Besides these, the interviewer might ask you more generic questions i.e. not specific to this particular system, such as:

How do you handle a spike in user traffic?
How do you handle the case where a service fails?
What metrics would you track for this sytem?
How would you deploy the application to multiple geographic regions?

For all of these questions, you're not expected to start drawing out the new components and change your proposal. The interviewer is mainly interested to see if you really understand your proposal and how it can be extended. If you have time to change things around to reflect the new behavior, by all means do it, you're going to score extra points for that. We won't cover these potential follow-ups in this article, there are plenty of online resources that you can use to explore further.

What not to do

Knowing some anti-patterns or what not to do during these interviews is also valuable in maximizing your chances of success. Here are a few from my observations and experience:

Not asking enough questions. It not only leads you to potentially build something else than what the interviewer wanted, it's also a sign that you don't understand how collaboration and curiosity are key elements when building products.
Spending too much time on the requirements. You don't need to explore every possible feature the system might have, you won't have time to design it anyway.
Back-of-the-envelope calculations. I've mentioned this before and I'll say it again - don't do it, the interviewer doesn't care usually.
Diving deep in one are from the start. I see this in candidates all the time. They get to the API part and then they start talking about HTTP methods, versioning, error codes etc. Don't do this! There's a time and place to get into this sort of detail (if the interviewer asks you) but that time is not at the beginning of the interview. First get a high-level picture of the system.
Focusing on technology. Some people are so familiar with a specific tech stack, that they will try to model everything using that stack. One example is AWS services. You don't need to say that you're going to use EC2 instances or RDS databases, try to keep it more abstract. This proves to the interviewer that you can detach yourself from specific terms and concepts and explain your solution in terms that are widely understood.
Not making any pauses. Don't talk for 30 minutes and then ask the interviewer for feedback. Try to make it an interactive conversation, where you're the one leading but check in from time to time with your interviewer. Keep them enganged in your thought process and let them hint you in the right direction.
Rigid design. Think about the responsibilities of different components in your system.
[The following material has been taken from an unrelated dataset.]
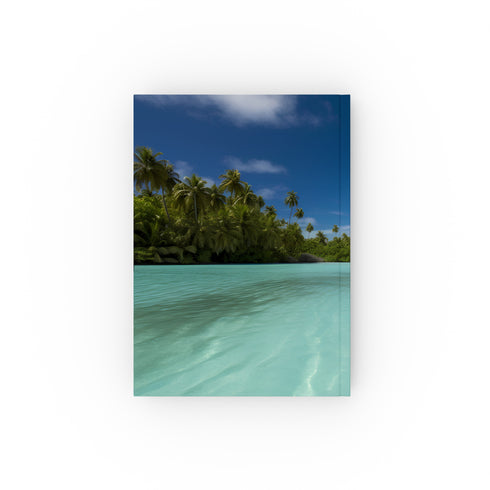Turquoise Waters Journal: Aitutaki Dreams Cook Islands Escape - High-quality, versatile, and stylish - Perfect for all seasons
If you couple things too much from the start, you'll have a very hard time on follow-up questions that might require some rewiring.
Too complex designs. Yes, there is such a thing. While you should have enough detail in your design to convey your ideas, you don't need to go overboard and start drawing out how you'd handle rate limiting, retries etc. In some cases you might need to but more often than not, simply mentioning these concepts and how you'd apply them is enough.
Diving too deep. Yes, there is such a thing also. I see candidates start drawing out full database schemas with columns, keys, conditions etc. While certainly valuable for visibility, you don't need to map out every single property. Just mention the important ones, such as IDs and references to other entities. Or mentioning different bloom filter implementations in the context of caching. While you might score some bonus points from time to time, it's not that important unless the interviewer specifically asks you to optimize the caching layer.

Closing Thoughts

High-level system design is tough and requires both skill and experience. It's very hard to fake experience, but as with any skill, you can get much better at this with practice.

I can't stress this enough - practice! I know you think designing Uber or WhatsApp looks simple on paper, but start working on them and you might find yourself getting stuck quickly. This is the power of practicing. You don't need to design super fancy systems, even apparently simples ones such as Facebook can have many, many layers of complexity.

Best of luck in your upcoming system design interviews!